Since 9001 doesn't really define anything in terms of requirements you'll probably want to spend some time putting together what it is your organization wants to do with this content. Does your organization need/want a content management system? You're referencing revisioning on documents, so I'm guessing yes. Is this going to be a one off for the engineering/manufacturing folks? You could so something like this in subversion and have reasonably simple versioning of your documents. A wiki model works if you're just trying to do knowledge capture but I'm guessing you've got structured documents you need to manage. If you've got people who are fairly technical and can handle the caveats that come with something like that it's cheap and easy. However, these types of implementations frequently turn into folks in marketing or somewhere else saying "well we have FOO over in engineering we can probably use it too", next thing you know you've got the whole company using something that was kind of cobbled together for one group. Sounds like you've already got SharePoint, it's usable but I'm not a big fan of it as a content management system. Works decently as a collaboration platform. I haven't seen their latest stuff and I know they're trying to make moves in that direction so it might be better, but at last view I was underwhelmed. It's very platform specific, the search functionality was poor, it was difficult or impossible to get a good metadata model together and security was goofy.
Try and look towards the future and see if your organization is going to need to take it up a notch in their content management needs. How complex is your security model going to be? How much content are you expecting to manage? Are you going to want a full text search capable system or would a metadata search be good enough?

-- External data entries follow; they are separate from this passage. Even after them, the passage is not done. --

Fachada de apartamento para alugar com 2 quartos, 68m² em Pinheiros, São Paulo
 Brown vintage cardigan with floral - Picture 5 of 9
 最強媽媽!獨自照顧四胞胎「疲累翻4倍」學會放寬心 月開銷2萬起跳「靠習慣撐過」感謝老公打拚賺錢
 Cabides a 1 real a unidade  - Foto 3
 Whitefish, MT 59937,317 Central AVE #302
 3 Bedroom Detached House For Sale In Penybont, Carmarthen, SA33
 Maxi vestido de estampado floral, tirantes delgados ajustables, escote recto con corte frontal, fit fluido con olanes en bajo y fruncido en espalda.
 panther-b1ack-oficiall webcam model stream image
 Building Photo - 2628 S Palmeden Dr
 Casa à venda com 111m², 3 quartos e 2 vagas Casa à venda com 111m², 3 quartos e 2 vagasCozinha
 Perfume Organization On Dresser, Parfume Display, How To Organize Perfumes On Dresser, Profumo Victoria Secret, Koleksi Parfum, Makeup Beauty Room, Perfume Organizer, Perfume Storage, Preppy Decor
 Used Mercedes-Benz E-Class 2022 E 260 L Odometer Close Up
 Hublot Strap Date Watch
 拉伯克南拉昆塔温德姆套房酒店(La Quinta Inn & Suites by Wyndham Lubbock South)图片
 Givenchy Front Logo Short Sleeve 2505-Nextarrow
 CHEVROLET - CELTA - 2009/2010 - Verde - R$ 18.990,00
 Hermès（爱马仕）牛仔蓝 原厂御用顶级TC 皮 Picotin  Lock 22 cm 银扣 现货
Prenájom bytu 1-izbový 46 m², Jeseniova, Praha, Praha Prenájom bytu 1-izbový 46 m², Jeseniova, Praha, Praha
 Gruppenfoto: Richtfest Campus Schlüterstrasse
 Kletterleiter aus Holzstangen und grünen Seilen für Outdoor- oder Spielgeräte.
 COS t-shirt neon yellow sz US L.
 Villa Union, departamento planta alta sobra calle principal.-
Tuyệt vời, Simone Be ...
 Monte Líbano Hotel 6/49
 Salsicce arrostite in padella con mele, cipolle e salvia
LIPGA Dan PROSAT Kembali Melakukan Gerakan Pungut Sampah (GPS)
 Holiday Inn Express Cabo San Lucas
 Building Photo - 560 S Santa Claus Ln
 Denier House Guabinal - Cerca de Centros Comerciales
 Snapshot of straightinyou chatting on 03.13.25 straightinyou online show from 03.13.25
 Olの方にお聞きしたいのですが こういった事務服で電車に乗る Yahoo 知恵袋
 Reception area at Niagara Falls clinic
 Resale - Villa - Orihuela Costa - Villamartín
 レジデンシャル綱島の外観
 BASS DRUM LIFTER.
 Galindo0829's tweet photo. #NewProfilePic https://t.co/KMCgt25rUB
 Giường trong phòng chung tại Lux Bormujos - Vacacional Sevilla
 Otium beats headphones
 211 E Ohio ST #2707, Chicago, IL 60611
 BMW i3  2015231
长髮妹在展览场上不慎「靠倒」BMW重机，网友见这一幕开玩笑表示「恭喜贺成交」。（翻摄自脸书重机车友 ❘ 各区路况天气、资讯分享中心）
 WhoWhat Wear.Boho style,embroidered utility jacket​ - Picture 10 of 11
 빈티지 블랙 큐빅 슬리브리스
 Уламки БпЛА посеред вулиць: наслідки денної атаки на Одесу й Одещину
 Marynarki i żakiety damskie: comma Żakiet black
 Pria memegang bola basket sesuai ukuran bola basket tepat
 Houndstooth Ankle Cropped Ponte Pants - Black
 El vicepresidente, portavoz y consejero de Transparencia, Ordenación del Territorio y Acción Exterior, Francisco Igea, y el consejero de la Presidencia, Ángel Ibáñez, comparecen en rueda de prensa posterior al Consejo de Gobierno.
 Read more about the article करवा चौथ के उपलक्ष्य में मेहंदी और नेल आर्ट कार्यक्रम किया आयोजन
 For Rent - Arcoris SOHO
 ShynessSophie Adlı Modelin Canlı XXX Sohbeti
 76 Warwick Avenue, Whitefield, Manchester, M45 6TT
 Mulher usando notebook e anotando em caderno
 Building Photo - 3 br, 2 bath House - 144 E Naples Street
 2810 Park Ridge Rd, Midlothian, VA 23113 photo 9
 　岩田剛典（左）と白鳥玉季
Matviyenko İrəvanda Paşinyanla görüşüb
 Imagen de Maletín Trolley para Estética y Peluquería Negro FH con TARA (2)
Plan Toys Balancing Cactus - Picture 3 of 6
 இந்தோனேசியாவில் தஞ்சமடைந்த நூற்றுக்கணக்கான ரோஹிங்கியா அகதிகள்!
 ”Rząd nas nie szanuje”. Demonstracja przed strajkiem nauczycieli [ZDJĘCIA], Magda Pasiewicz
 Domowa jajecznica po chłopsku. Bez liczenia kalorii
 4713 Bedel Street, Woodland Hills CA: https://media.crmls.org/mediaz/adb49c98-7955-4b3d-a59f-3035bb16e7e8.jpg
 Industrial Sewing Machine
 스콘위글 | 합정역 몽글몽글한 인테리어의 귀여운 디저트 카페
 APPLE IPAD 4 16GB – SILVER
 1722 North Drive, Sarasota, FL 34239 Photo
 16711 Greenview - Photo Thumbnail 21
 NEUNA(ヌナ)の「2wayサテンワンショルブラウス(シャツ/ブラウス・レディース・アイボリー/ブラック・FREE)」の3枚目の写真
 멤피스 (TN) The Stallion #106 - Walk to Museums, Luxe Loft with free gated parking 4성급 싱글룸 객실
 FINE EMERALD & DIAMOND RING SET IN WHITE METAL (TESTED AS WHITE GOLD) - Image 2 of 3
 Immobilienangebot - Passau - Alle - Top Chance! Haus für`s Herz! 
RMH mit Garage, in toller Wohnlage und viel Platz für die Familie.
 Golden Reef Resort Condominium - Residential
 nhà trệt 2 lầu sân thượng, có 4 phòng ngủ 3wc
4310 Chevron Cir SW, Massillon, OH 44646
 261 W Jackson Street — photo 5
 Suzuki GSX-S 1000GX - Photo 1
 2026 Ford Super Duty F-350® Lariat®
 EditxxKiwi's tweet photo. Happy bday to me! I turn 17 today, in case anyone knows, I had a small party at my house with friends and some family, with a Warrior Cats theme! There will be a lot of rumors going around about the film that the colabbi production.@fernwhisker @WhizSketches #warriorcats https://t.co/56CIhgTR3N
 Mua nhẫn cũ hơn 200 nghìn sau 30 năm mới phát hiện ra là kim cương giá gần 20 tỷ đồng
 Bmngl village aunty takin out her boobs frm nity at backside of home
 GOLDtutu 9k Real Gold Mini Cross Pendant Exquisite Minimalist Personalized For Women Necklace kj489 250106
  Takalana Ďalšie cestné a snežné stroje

Think about a metadata model for your organization, then research the topic and rethink it. A good or bad metadata model can completely change the fate of a content management system implementation.
What I've seen of Alfresco I like, it's free software so if you're budget constrained or just value that type of thing you've got that going for you. Someone else mentioned Knowledge Tree for a FOSS product, I haven't touched that so I can't comment. If you're going to go commercial I really think Oracle has a great product with their UCM platform (used to work there), but it's gotten god awful expensive and they suck as a company to deal with. Documentum seems like a massive resource hog and maintenance intensive from what I've discussed with people who've done work with it. I had an install of TRIM under my care at a previous gig, HP owns them now, and that had some quirks but was generally good. If you're focusing on records management capabilities this probably deserves a closer look as that's what they kinda specialize in. OpenText is pretty highly regarded, but I haven't touched it or known anyone directly who has.